Von Ingenieur K. Drews.
(Schluß von S. 263 d. Bd.)
Der gegenwärtige Stand des Fördermaschinenbaus mit besonderer
Berücksichtigung des elektrischen Antriebes.
Wie bei Besprechung der Gleichstromfördermaschinen dargelegt worden ist, wird
der Steuerhebel bei negativer Belastung, d.h. beim Lastsenken in derselben Weise wie
bei positiver betätigt und erfordert hierbei keine erhöhte Aufmerksamkeit. Der
Fördermotor arbeitet dann unter dem Rücktrieb als Dynamo und schickt den erzeugten
Strom in den Umformer; dessen Antriebsmotor wird entlastet und das Schwungrad nimmt
die frei werdende Energie auf. Eine Last kann also ohne Zuhilfenahme der
mechanischen Bremse mit beliebiger Geschwindigkeit gesenkt werden. Ebenso wird bei
Lastenförderung durch elektrische Bremsung in der Verzögerungsperiode ein
beträchtlicher Teil der Anfahrleistung wiedergewonnen. Wie liegen nun nach dieser
Richtung hin die Verhältnisse bei Dampffordermaschinen?
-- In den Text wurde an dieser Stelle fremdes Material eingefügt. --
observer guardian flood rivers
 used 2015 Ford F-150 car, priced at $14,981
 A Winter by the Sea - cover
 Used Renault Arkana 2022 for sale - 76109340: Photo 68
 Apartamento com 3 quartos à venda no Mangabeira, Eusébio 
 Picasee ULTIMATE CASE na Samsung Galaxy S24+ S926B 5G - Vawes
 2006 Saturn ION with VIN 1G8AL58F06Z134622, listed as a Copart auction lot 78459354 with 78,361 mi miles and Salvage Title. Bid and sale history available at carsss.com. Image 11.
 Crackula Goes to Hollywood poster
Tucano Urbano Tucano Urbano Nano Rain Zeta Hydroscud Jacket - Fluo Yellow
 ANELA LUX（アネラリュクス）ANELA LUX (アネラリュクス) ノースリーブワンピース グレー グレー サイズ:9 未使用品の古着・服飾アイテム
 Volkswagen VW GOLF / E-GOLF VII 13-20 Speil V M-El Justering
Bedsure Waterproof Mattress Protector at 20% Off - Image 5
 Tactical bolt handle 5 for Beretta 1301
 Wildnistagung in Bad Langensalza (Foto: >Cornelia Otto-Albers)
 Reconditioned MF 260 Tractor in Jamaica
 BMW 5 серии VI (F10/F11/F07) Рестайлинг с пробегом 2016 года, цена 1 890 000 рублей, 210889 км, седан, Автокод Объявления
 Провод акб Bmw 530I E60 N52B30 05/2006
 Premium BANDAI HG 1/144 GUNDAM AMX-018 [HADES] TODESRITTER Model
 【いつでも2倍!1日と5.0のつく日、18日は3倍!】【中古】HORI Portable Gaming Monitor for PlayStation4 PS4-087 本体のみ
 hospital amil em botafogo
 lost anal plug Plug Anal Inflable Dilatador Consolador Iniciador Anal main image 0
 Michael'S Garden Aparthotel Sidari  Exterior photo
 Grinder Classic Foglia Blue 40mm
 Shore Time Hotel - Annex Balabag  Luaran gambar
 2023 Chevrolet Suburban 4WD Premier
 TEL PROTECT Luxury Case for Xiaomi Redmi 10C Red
Eingehängte Lasten werden hier mittels der mechanischen Bremse oder durch
Gegendampfgeben gesenkt; letzteres besonders stellt an die Geschicklichkeit und
Aufmerksamkeit des Maschinisten sehr hohe Ansprüche. Das Gegendampfgeben ist in
keiner Weise mit der elektrischen Bremsung zu vergleichen; die Senkgeschwindigkeit
kann hier innerhalb weiter Grenzen so geregelt werden, daß die Last mit
gleichförmiger Geschwindigkeit herabgeht. Beim Gegendampfgeben lassen sich die
Verhältnisse überhaupt nicht vorher bestimmen; mit jeder Umdrehung ändern sie sich.
Fig. 40Z.d.V.D.I. 1907, S. 1566. zeigt drei aufeinander folgende
Gegendampfdiagramme, die an einer Zwillingsmaschine aufgenommen wurden. Man sieht
die steigende Kompressionsspannung. In Fig. 41 sind
dann die berechneten zugehörigen Tangentialdrücke für eine Viertelumdrehung
dargestellt; sie veranschaulichen deutlich die immer wachsende Ungleichmäßigkeit des
Drehmomentes, und zwar geschieht dies in ganz regelloser Weise.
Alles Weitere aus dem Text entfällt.